Work instruction —
Retype, word for word, the line holding "Apollon knitted cardigan" and every line below it to the end of the listing. Leave out the pictures.

Data records —
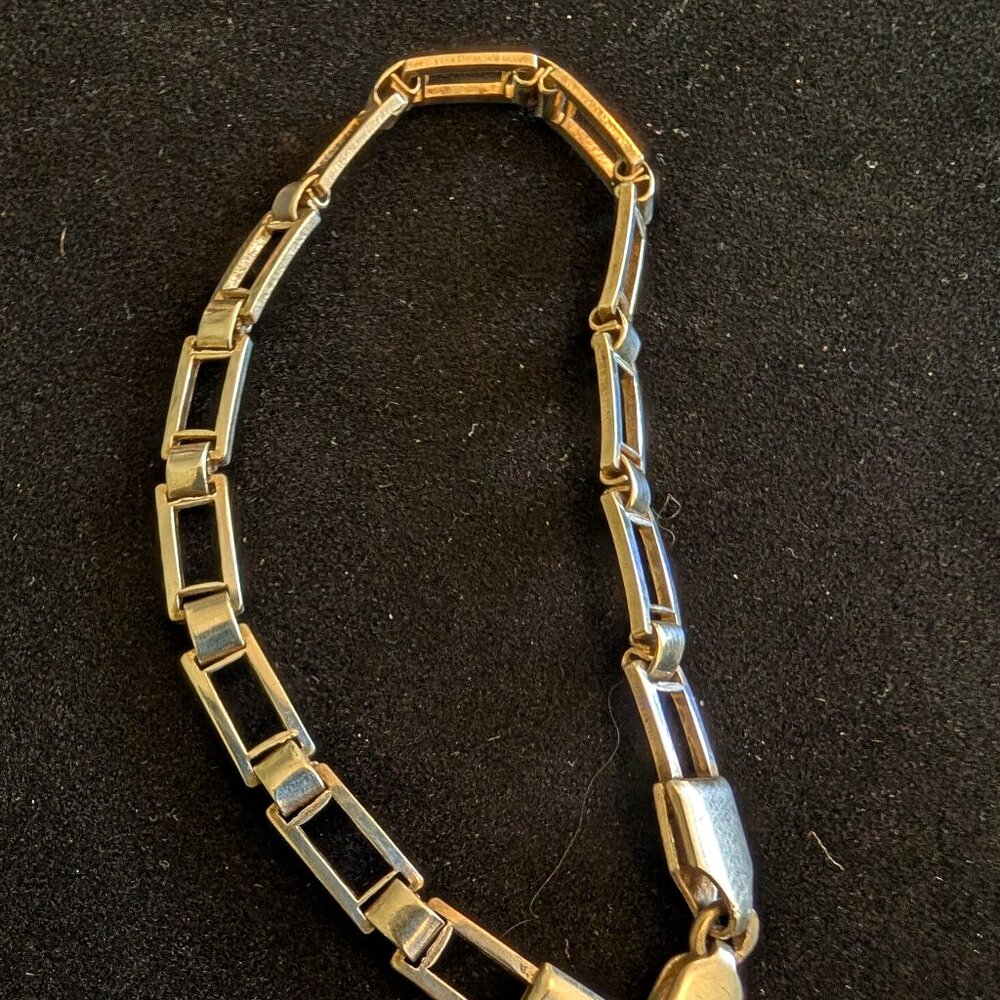 Women's Vintage Sterling Silver Rectangle Link Bracelet 7"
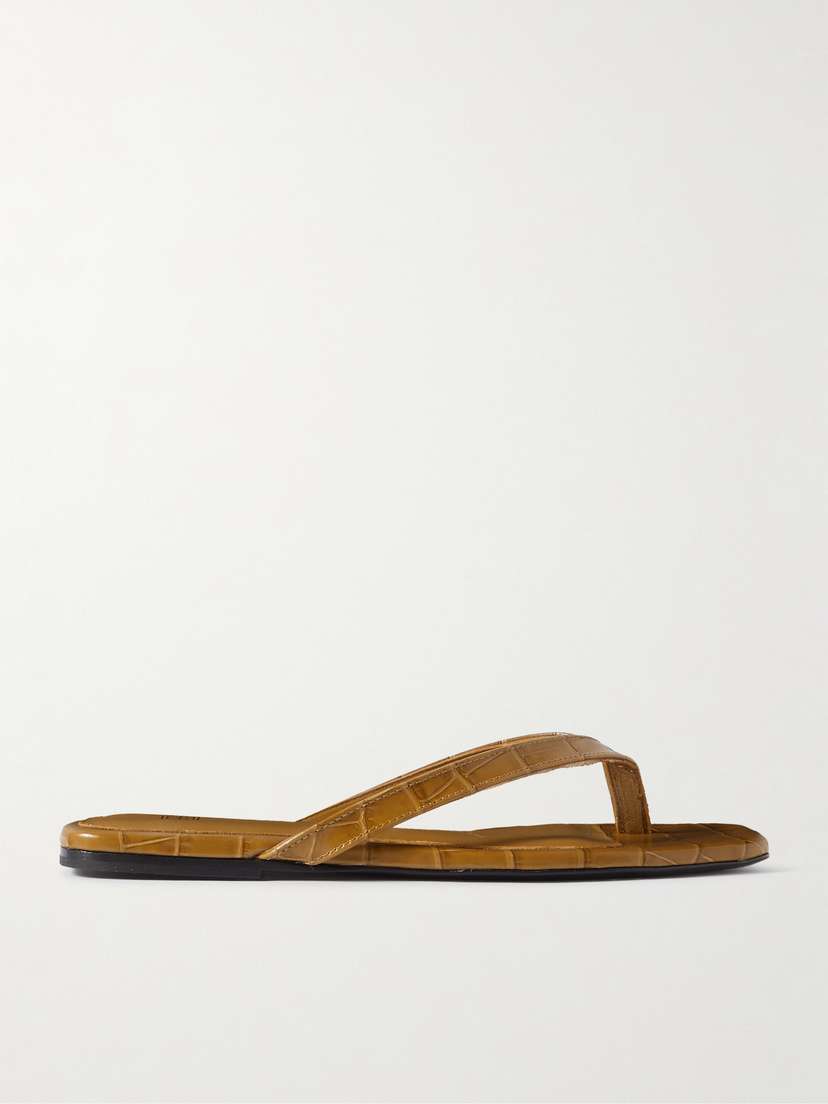 TOTEME Croc-effect Leather Flip Flops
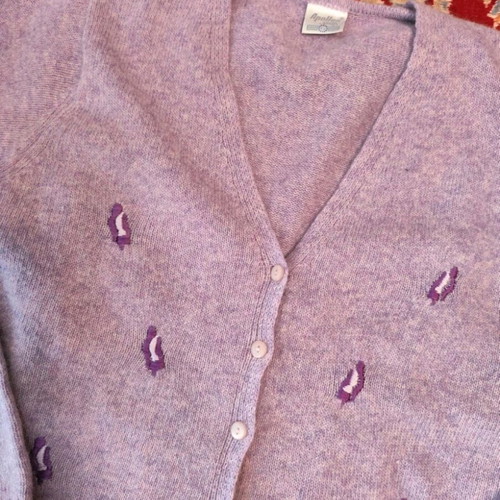 Apollon knitted cardigan purple like new with embroidered details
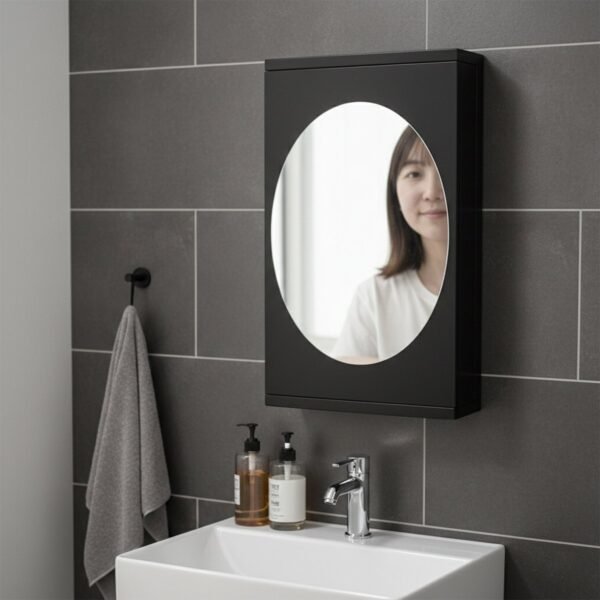 Rotating Storage Cabinet with Mirror, Space-Saving Wall Organizer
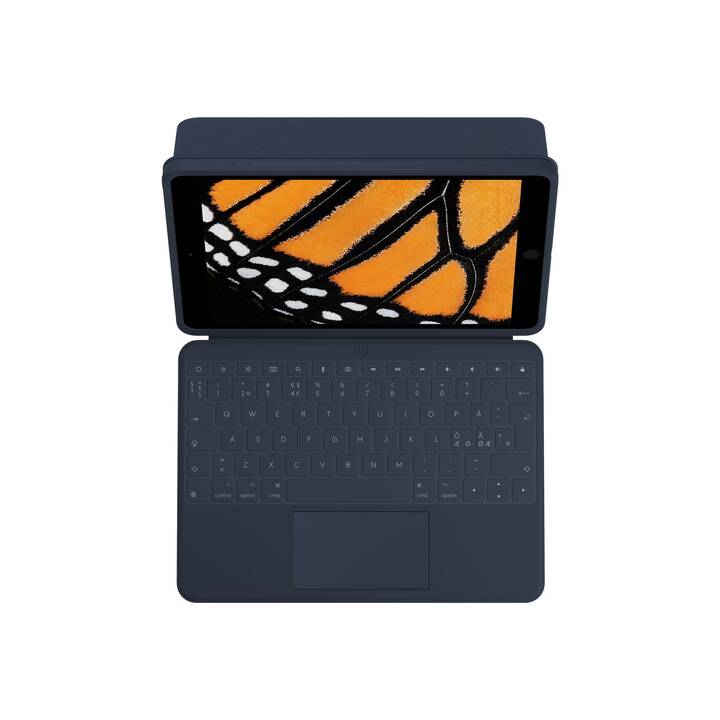 LOGITECH Rugged Combo 3 Touch Type Cover (10.2", iPad Gen. 9 2021, iPad Gen. 8 2020, iPad Gen. 7 2019, Blu)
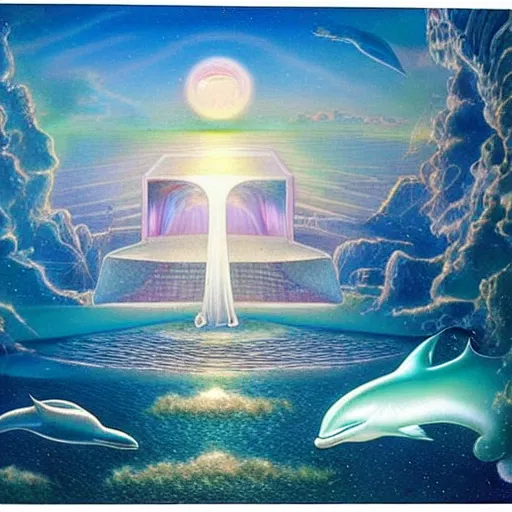 Image similar to gilbert williams portrait of a crystal temple in atlantis, iridescent dolphins swimming in the sea, unicorn flying in the sky, paleozoic anima flying in the sky,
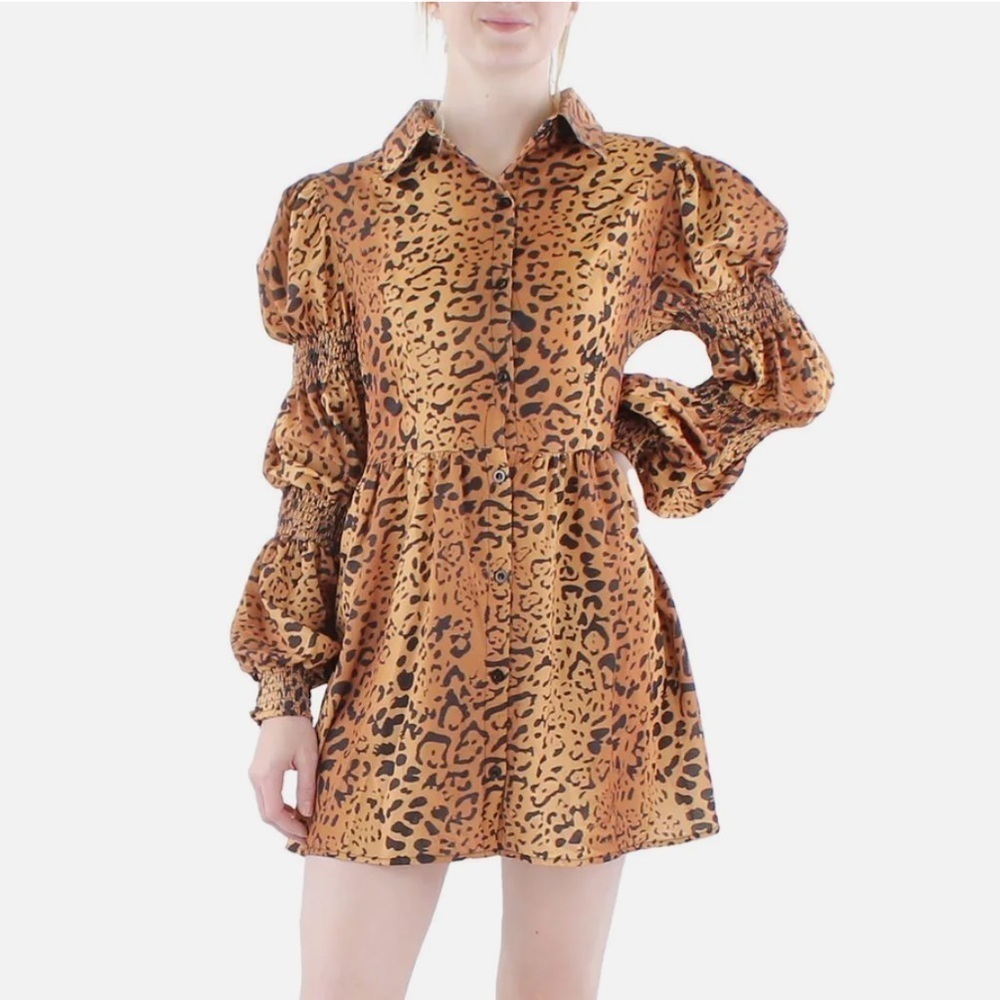 N By Nancy Leopard Animal Print Long Sleeve Mini Shirt Dress Size M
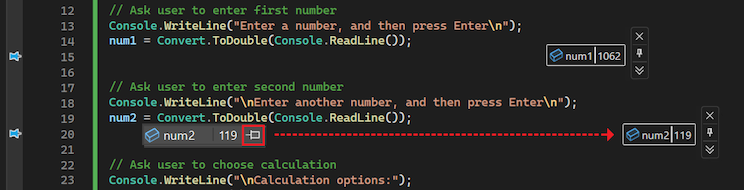 Screenshot that shows how to pin a data tip and move it to any ___location on the code editor surface.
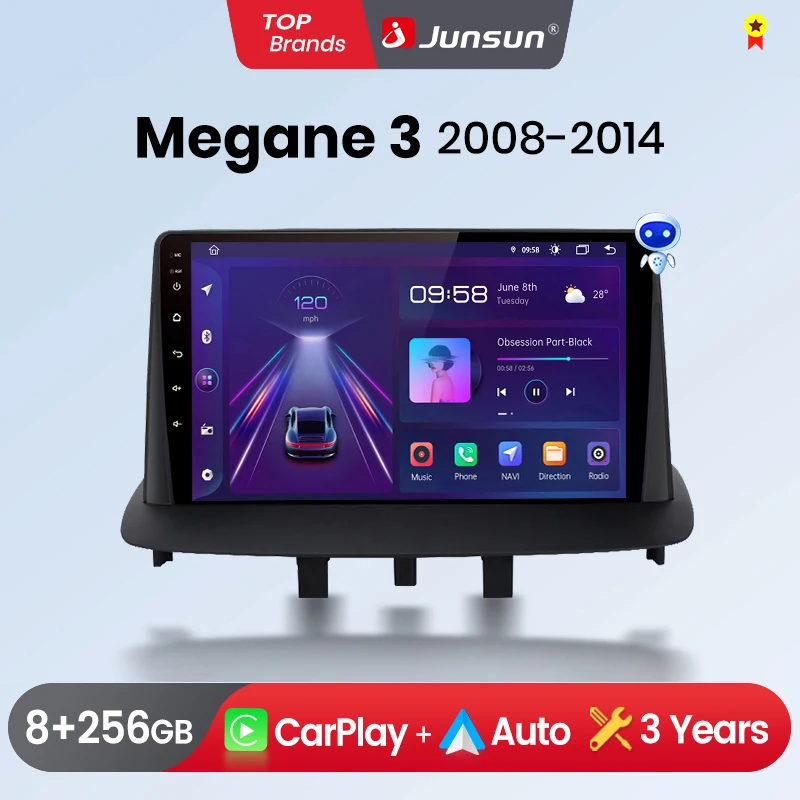 Junsun-CarPlay Android Auto Radio, Renault Megane 3, Fluence, Samsung SM3, 2008-2014, Systèmes intelligents de voiture, RDS, 2 Din Autoradio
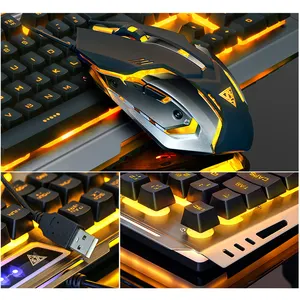 Juegos de teclado mecánico juego Anti-ghosting "y el ratón paquete interruptor de luz cable USB teclado para pro gamer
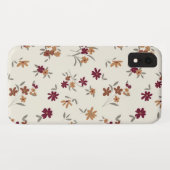 Floral Pattern Gold Gray Maroon Ditsy Case-Mate iPhone Hülle (Rückseite (Horizontal))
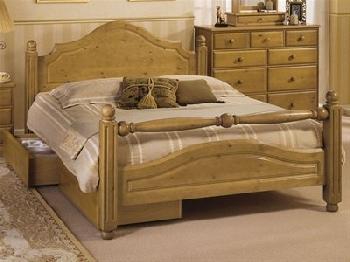 AirSprung Carolina 5' King Size Slatted Bedstead and Fashion Rail Wooden Bed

Exercise response —
 Apollon knitted cardigan purple like new with embroidered details
 Rotating Storage Cabinet with Mirror, Space-Saving Wall Organizer
 LOGITECH Rugged Combo 3 Touch Type Cover (10.2", iPad Gen. 9 2021, iPad Gen. 8 2020, iPad Gen. 7 2019, Blu)
 Image similar to gilbert williams portrait of a crystal temple in atlantis, iridescent dolphins swimming in the sea, unicorn flying in the sky, paleozoic anima flying in the sky,
 N By Nancy Leopard Animal Print Long Sleeve Mini Shirt Dress Size M
 Screenshot that shows how to pin a data tip and move it to any ___location on the code editor surface.
 Junsun-CarPlay Android Auto Radio, Renault Megane 3, Fluence, Samsung SM3, 2008-2014, Systèmes intelligents de voiture, RDS, 2 Din Autoradio
 Juegos de teclado mecánico juego Anti-ghosting "y el ratón paquete interruptor de luz cable USB teclado para pro gamer
 Floral Pattern Gold Gray Maroon Ditsy Case-Mate iPhone Hülle (Rückseite (Horizontal))
 AirSprung Carolina 5' King Size Slatted Bedstead and Fashion Rail Wooden Bed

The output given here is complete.